• [AIM OF THE EXERCISE]:
All pictures must be left out as you transcribe the lines from the first line of the data to the line containing "Audi Q7 50 TDI", both included.

• [DATA SHOWN]:
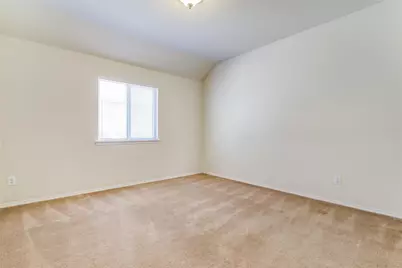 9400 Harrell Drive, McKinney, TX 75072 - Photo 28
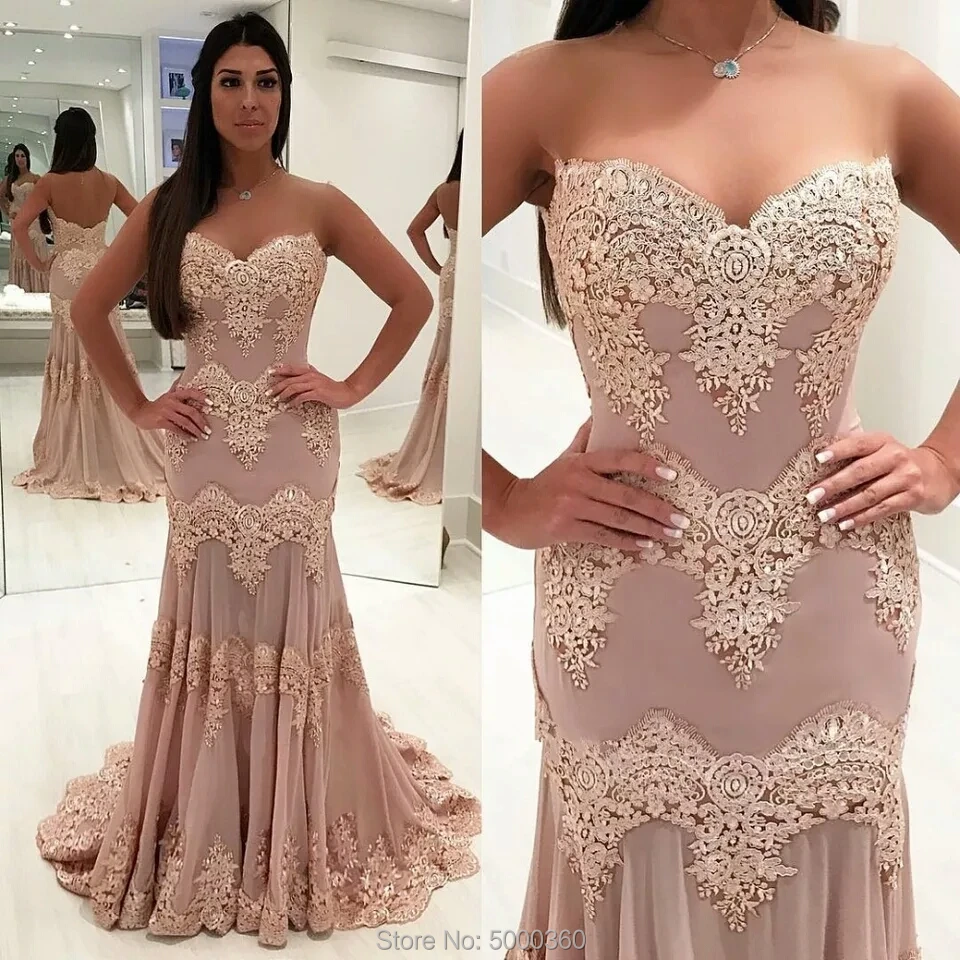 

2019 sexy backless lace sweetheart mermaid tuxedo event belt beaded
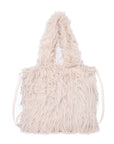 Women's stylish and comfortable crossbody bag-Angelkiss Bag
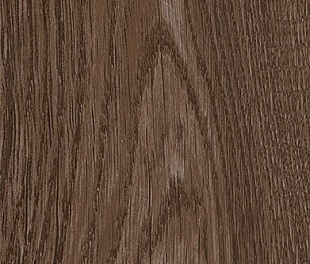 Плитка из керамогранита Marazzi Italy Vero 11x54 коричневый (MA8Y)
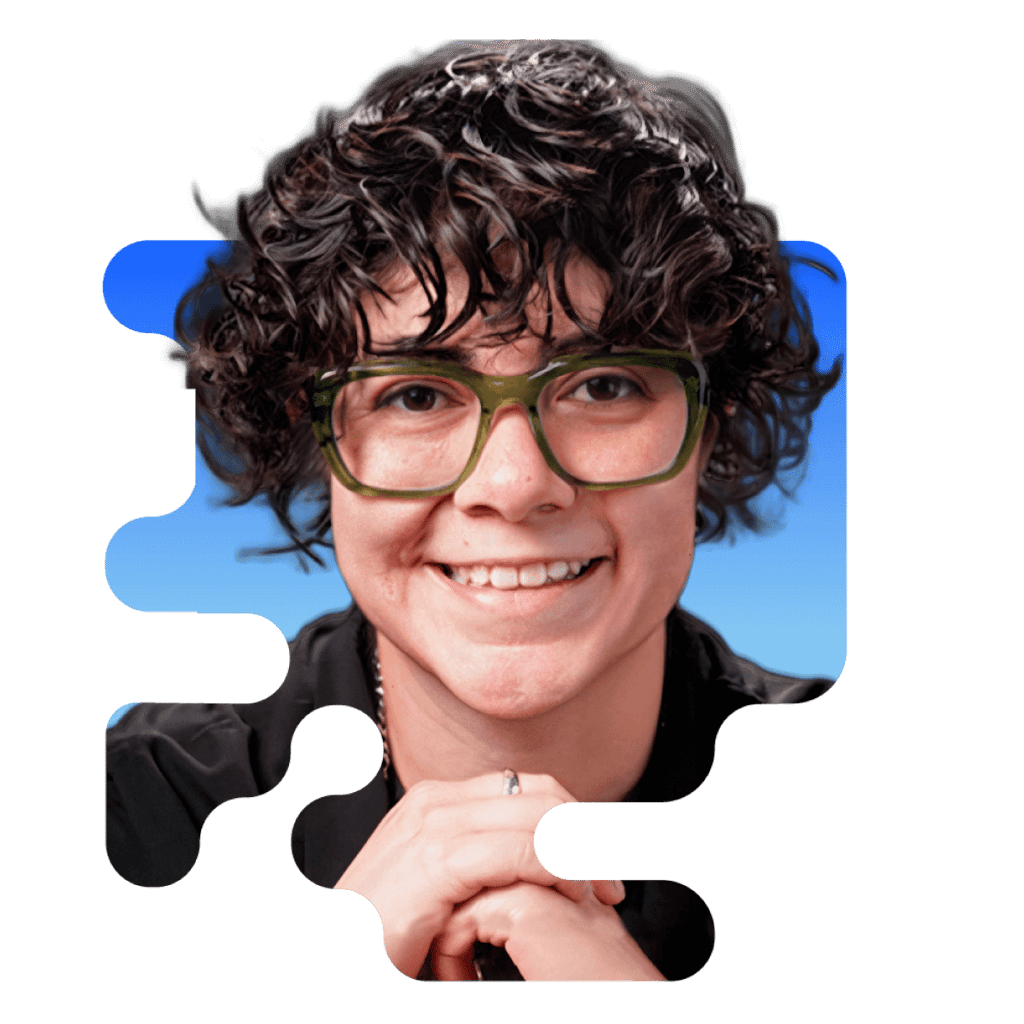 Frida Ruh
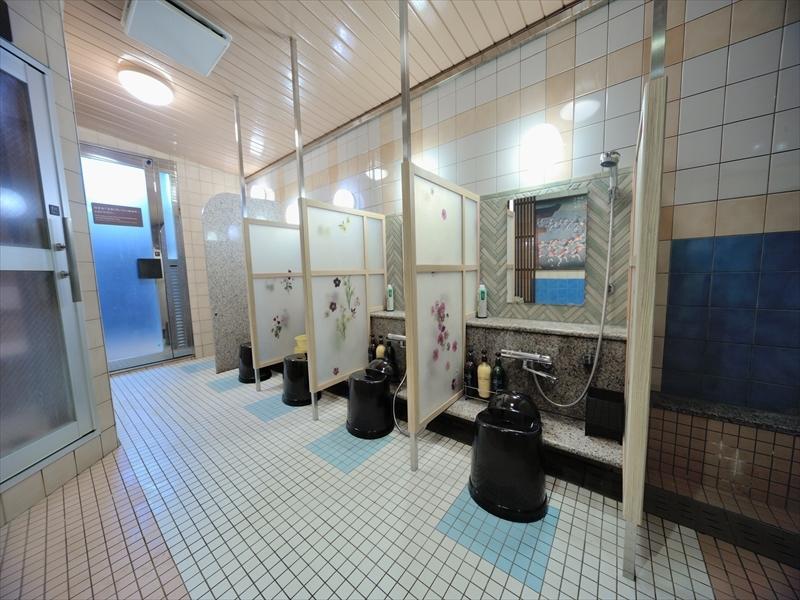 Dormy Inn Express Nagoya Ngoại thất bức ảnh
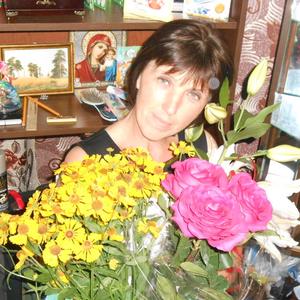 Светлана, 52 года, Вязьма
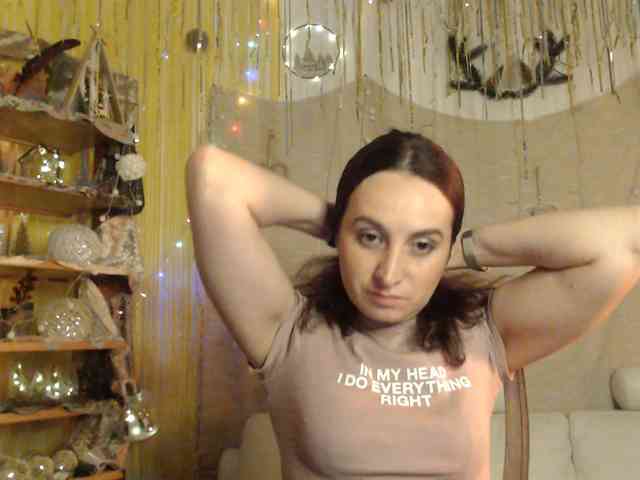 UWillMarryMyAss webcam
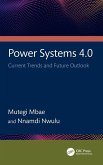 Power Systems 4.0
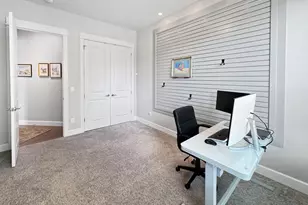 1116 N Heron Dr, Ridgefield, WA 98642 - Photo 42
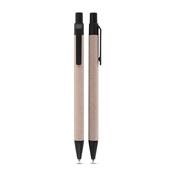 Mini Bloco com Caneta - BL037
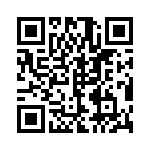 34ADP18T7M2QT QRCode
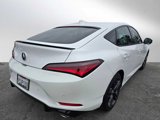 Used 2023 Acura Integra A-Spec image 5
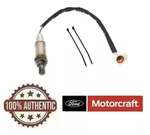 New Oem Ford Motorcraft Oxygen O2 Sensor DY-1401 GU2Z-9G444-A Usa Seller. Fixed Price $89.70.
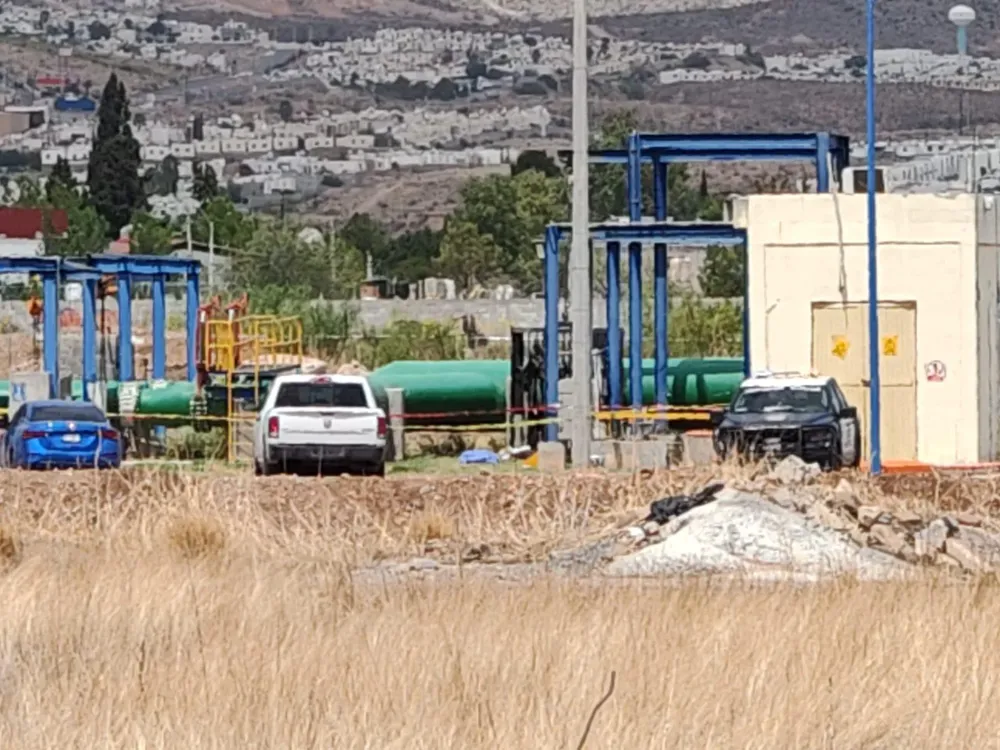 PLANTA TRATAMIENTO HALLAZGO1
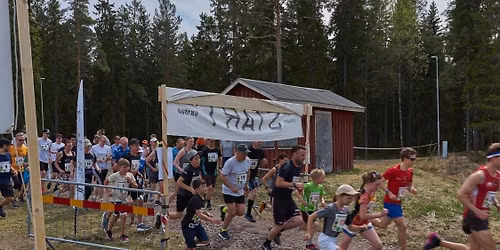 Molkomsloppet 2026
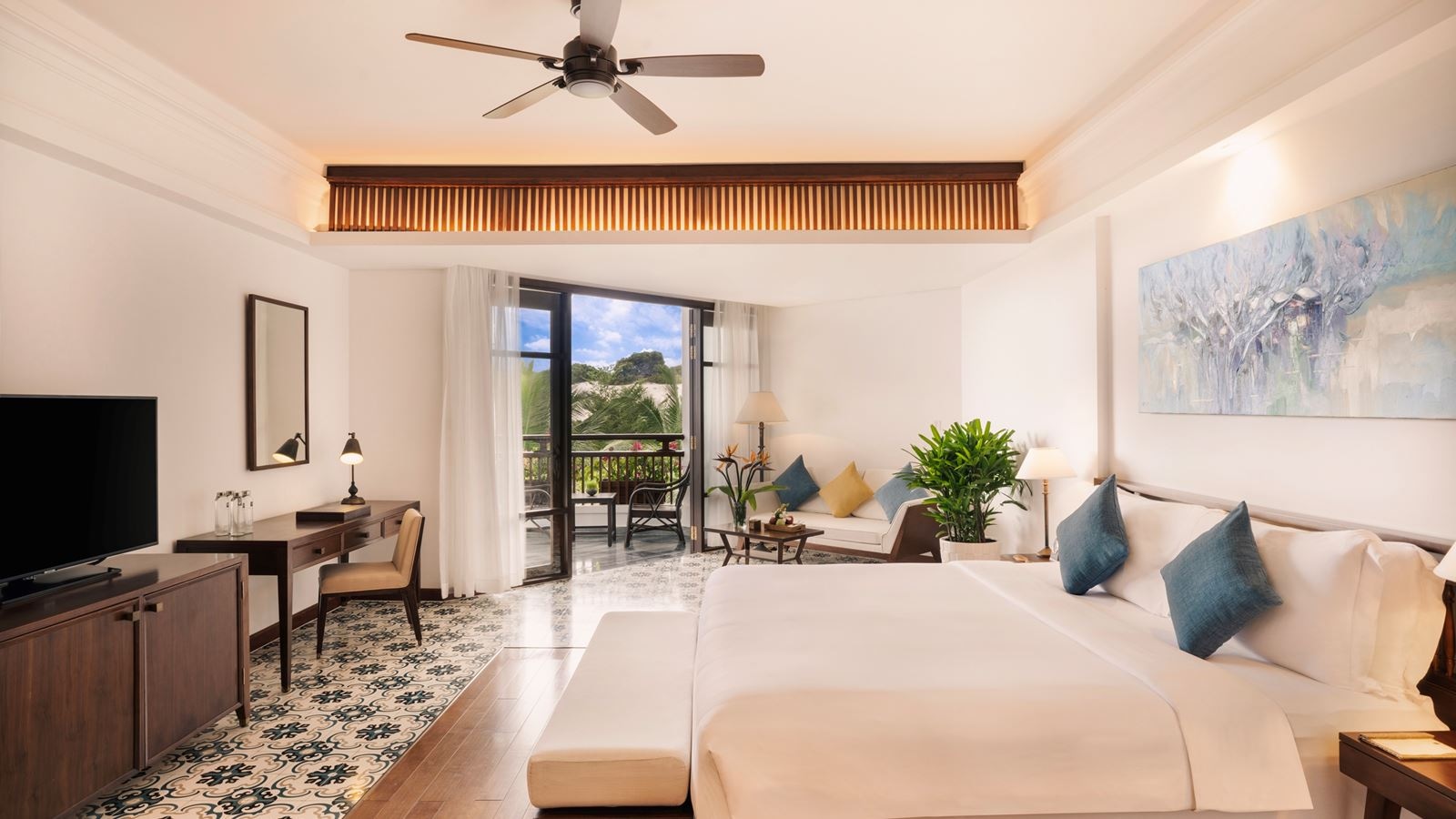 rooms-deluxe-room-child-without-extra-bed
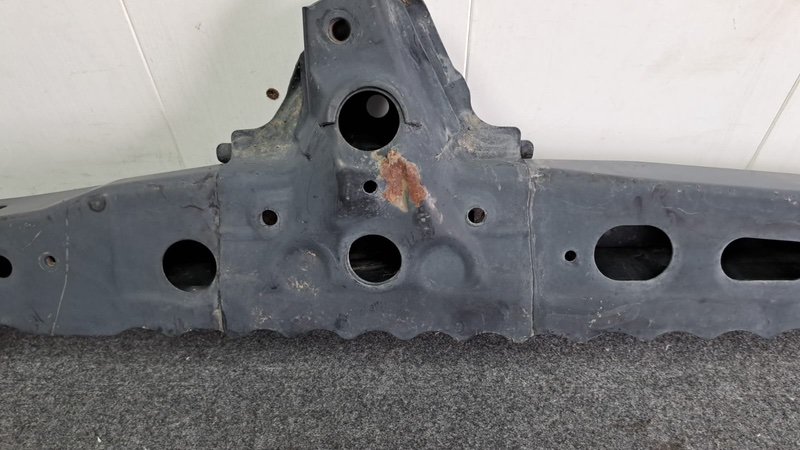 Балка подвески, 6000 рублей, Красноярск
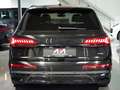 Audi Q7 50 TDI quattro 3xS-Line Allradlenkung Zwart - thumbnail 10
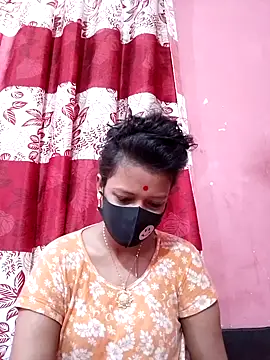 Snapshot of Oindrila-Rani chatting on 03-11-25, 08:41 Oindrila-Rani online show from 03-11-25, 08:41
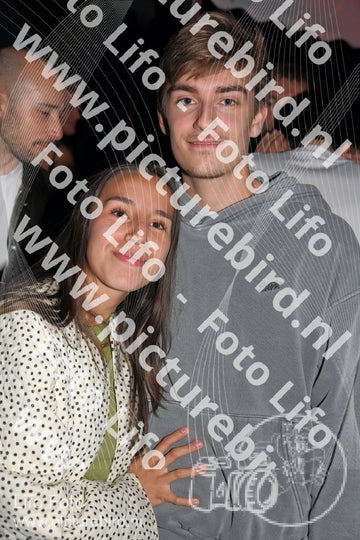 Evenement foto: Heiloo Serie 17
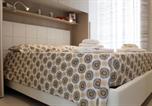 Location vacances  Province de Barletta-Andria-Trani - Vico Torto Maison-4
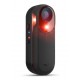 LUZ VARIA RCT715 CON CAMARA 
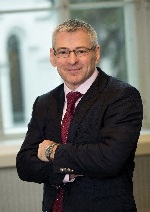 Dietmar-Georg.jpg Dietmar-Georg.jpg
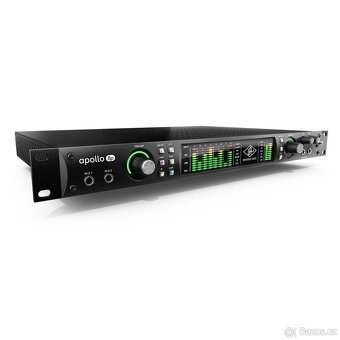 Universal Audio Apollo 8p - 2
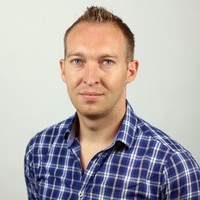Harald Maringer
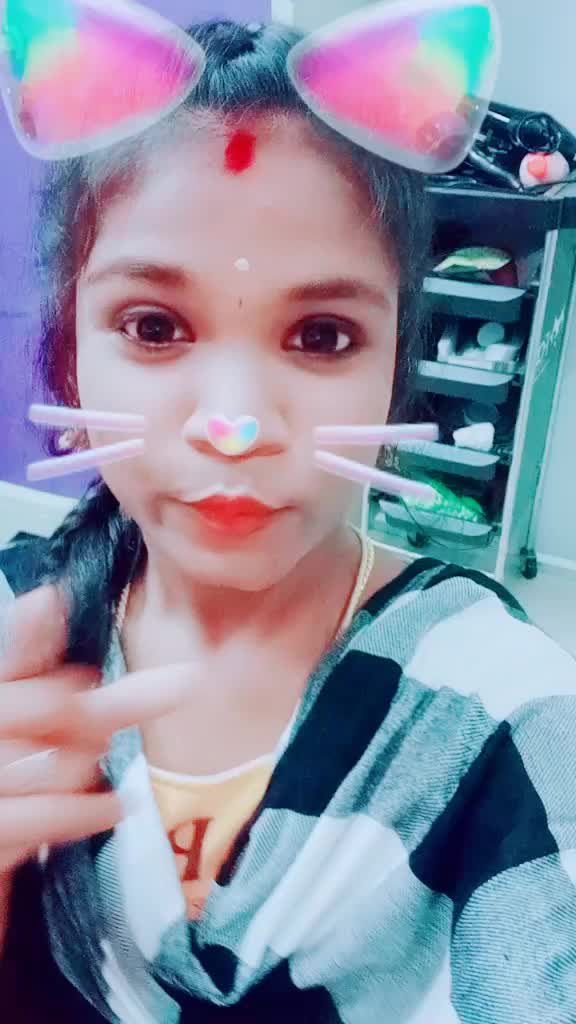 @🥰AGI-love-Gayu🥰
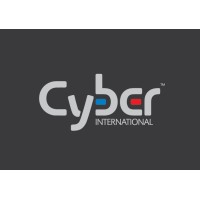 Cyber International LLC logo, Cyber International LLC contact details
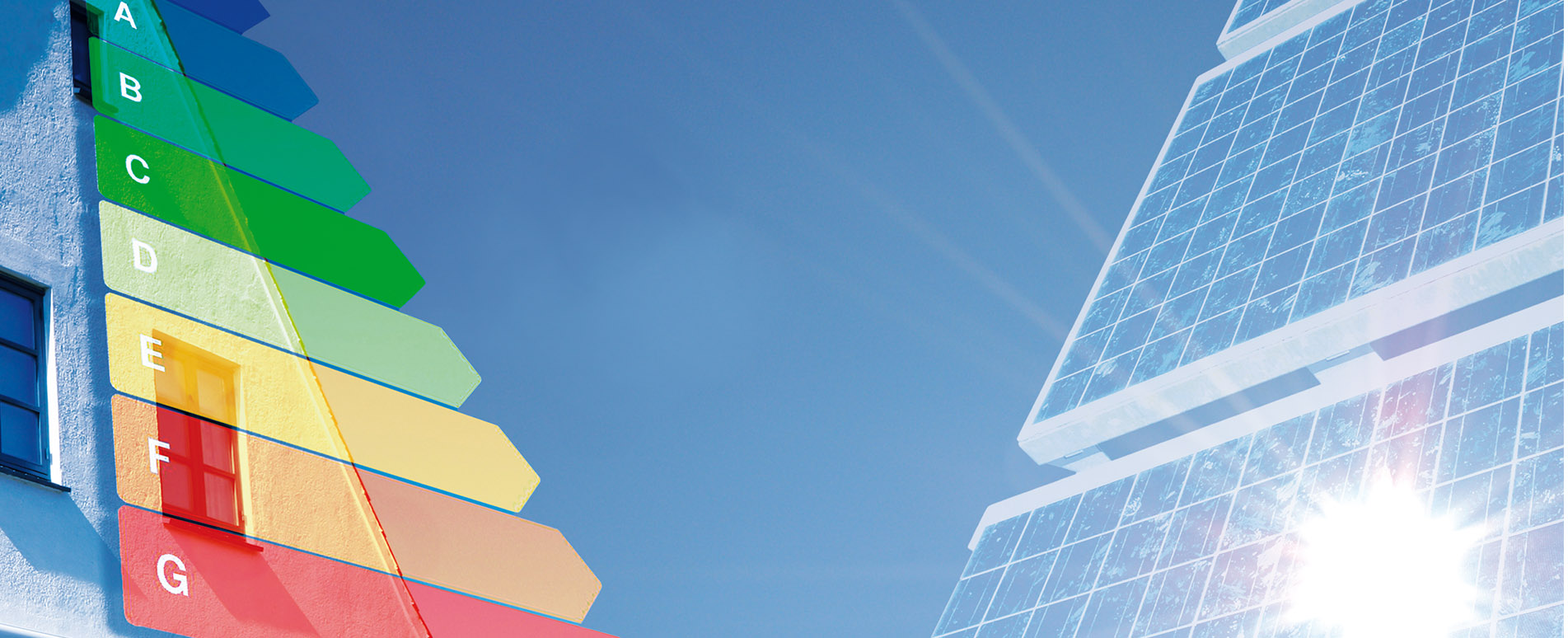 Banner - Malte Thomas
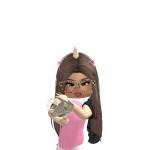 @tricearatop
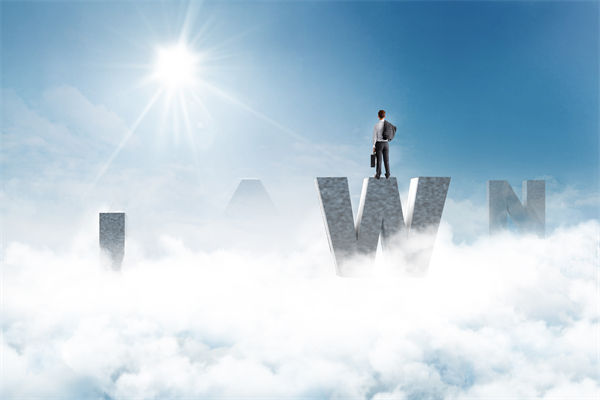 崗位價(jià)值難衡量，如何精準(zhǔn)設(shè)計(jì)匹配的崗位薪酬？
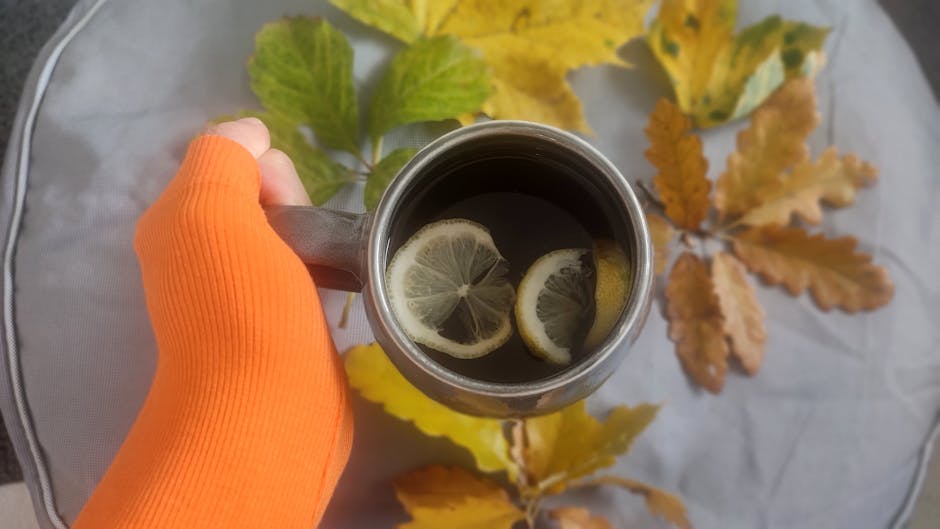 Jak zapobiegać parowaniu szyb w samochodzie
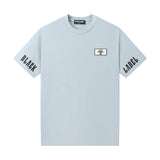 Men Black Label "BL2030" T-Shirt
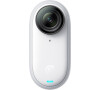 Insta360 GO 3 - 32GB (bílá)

• [RESULT OF THIS EXERCISE]:
 9400 Harrell Drive, McKinney, TX 75072 - Photo 28

2019 sexy backless lace sweetheart mermaid tuxedo event belt beaded
 Women's stylish and comfortable crossbody bag-Angelkiss Bag
 Плитка из керамогранита Marazzi Italy Vero 11x54 коричневый (MA8Y)
 Frida Ruh
 Dormy Inn Express Nagoya Ngoại thất bức ảnh
 Светлана, 52 года, Вязьма
 UWillMarryMyAss webcam
 Power Systems 4.0
 1116 N Heron Dr, Ridgefield, WA 98642 - Photo 42
 Mini Bloco com Caneta - BL037
 34ADP18T7M2QT QRCode
 Used 2023 Acura Integra A-Spec image 5
 New Oem Ford Motorcraft Oxygen O2 Sensor DY-1401 GU2Z-9G444-A Usa Seller. Fixed Price $89.70.
 PLANTA TRATAMIENTO HALLAZGO1
 Molkomsloppet 2026
 rooms-deluxe-room-child-without-extra-bed
 Балка подвески, 6000 рублей, Красноярск
 Audi Q7 50 TDI quattro 3xS-Line Allradlenkung Zwart - thumbnail 10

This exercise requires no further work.